Exercise description: Only the lines from the one with "How to Install" to the end of the data below should be given again, exactly as written.

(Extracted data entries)
::::::::
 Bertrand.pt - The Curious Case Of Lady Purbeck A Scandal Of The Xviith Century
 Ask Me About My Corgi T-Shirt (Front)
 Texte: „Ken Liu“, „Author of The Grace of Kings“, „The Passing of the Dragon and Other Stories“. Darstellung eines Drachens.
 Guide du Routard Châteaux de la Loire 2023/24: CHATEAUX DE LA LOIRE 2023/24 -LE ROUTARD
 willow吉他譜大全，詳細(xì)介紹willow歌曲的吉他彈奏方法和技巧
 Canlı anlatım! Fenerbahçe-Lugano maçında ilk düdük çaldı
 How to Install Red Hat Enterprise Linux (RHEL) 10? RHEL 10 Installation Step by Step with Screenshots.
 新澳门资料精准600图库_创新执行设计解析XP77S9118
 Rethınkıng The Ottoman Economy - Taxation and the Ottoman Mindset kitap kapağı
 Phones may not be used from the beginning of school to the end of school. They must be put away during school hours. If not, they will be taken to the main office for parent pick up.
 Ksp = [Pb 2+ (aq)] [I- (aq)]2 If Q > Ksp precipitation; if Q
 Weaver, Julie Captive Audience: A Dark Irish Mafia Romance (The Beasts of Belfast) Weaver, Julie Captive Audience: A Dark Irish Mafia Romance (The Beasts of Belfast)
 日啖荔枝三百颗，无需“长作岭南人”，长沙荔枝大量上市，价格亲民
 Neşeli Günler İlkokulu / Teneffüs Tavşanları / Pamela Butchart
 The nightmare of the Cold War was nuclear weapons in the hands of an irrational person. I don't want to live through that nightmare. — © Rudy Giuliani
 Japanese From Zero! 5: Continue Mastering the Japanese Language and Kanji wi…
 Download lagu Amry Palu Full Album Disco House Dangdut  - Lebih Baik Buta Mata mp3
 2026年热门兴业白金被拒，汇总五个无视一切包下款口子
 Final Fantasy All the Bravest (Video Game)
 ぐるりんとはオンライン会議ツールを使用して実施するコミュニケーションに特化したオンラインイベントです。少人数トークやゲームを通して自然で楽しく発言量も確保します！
::::::::
Expected output:
 How to Install Red Hat Enterprise Linux (RHEL) 10? RHEL 10 Installation Step by Step with Screenshots.
 新澳门资料精准600图库_创新执行设计解析XP77S9118
 Rethınkıng The Ottoman Economy - Taxation and the Ottoman Mindset kitap kapağı
 Phones may not be used from the beginning of school to the end of school. They must be put away during school hours. If not, they will be taken to the main office for parent pick up.
 Ksp = [Pb 2+ (aq)] [I- (aq)]2 If Q > Ksp precipitation; if Q
 Weaver, Julie Captive Audience: A Dark Irish Mafia Romance (The Beasts of Belfast) Weaver, Julie Captive Audience: A Dark Irish Mafia Romance (The Beasts of Belfast)
 日啖荔枝三百颗，无需“长作岭南人”，长沙荔枝大量上市，价格亲民
 Neşeli Günler İlkokulu / Teneffüs Tavşanları / Pamela Butchart
 The nightmare of the Cold War was nuclear weapons in the hands of an irrational person. I don't want to live through that nightmare. — © Rudy Giuliani
 Japanese From Zero! 5: Continue Mastering the Japanese Language and Kanji wi…
 Download lagu Amry Palu Full Album Disco House Dangdut  - Lebih Baik Buta Mata mp3
 2026年热门兴业白金被拒，汇总五个无视一切包下款口子
 Final Fantasy All the Bravest (Video Game)
 ぐるりんとはオンライン会議ツールを使用して実施するコミュニケーションに特化したオンラインイベントです。少人数トークやゲームを通して自然で楽しく発言量も確保します！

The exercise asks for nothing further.